In total, 4459 participants took part in the formal investigation using complete questionnaires (Supplementary Table S2), including 1273 offline samples (28.55%) and 3186 online samples (71.45%). In total, 4039 questionnaires were valid, with the response rate of 90.58%, 86.41% and 92.25% for the overall, offline, and online samples, respectively. Invalid questionnaires were due to incomplete information (233, 5.23%) and logical error (187, 4.19%). A summary of the sociodemographic, previous vaccination experience and corresponding vaccine type and the score distribution of 5C subscales of 4039 participants are provided in Table 3. In all, 598 participants (14.81%, 95%CI: 13.75–15.94%) demonstrated booster hesitancy, of whom 18 participants (3.01%) declared strong refusal, and 65 participants (10.87%) expressed negative attitudes towards booster vaccination. Univariate analysis of contributing factors indicated that age, educational status, annual income, marital status, vaccine type, previous vaccination experience of primary doses and all the five dimensions of the 5C scale were significantly associated with booster hesitancy. Further pairwise comparisons based on the Bonferroni correction method (Supplementary Table S3) revealed that a higher rate of hesitancy was observed among the elderly population (over 60 years old), lower educational level (middle school or below), lower annual income (RMB < 50,000), the widowed, college students, unemployed/retirees, those who received primary doses using inactivated COVID-19 vaccine (Sinopharm) and those who were unsatisfied with their previous vaccination experience. In addition, the five dimensions of the 5C scale were analyzed to further validate the application effect, and three levels were categorized according to the distribution of average score for each dimension (Table 3). Pairwise comparisons indicated that “Confidence” and “Collective responsibility” dimensions with higher score and “Complacency”, “Constraint” and “Calculation” dimensions with lower score indeed had significantly lower booster hesitancy rate, which met the expectations and indicated that the scale is a reliable tool to measure VH among the Chinese population.

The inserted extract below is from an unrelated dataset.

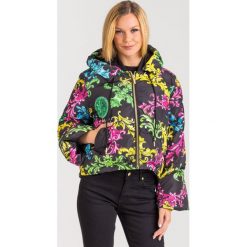 KURTKA VERSACE JEANS COUTURE. Czarne kurtki damskie Versace Jeans Couture, z aplikacjami, z jeansu. Za 1418,45 zł.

3.2.2. Influencing Factors in Modified 5C Scale

Significant associations were observed between individual characteristics and scores of subscales (Figure 1). Age, educational level, occupation and previous vaccination experience of primary COVID-19 doses were significantly correlated with all the five dimensions. Significantly higher scores were recorded for participants over 50 years old for “Confident”, “Complacency” and “Constraint” dimensions (p < 0.05), and lower scores for “Calculation” and “Collective responsibility” dimensions (p < 0.05). Respondents with a master’s degree showed higher scores for “Complacency” and “Constraint” dimensions (p < 0.01), and those with lower educational level (middle school and below) were less likely to “Calculate” and be “Collective Responsible” (p < 0.01) before getting the booster shot. Medical workers, civil servants and technical personnel and participants who had excellent or good previous vaccination experience of primary COVID-19 doses scored higher for “Confident” and “Collective Responsibility” dimensions (p < 0.05), and significantly lower for “Constraint” and “Complacency” dimensions (p < 0.05). Participants with mediocre experience tended to be less “Calculative” compared to those with a clear inclination (p < 0.05). As to other partial significant factors, male participants scored higher for “Complacency” and “Constraint” dimensions (p < 0.001). Urban participants had higher scores for “Calculation” and “Collective responsibility” dimensions (p < 0.01). Compared to married participants, single respondents scored higher for “Calculation” and “Collective responsibility” dimensions (p < 0.001). Lower annual income (<50,000 RMB) was associated with lower scores for “Confidence” and “Collective responsibility” dimensions (p < 0.001) and higher scores for “Complacency” and “Constraint” dimensions (p < 0.001). High-risk groups were less confident and thoughtful regarding COVID-19 vaccines when compared to the general population (p < 0.001).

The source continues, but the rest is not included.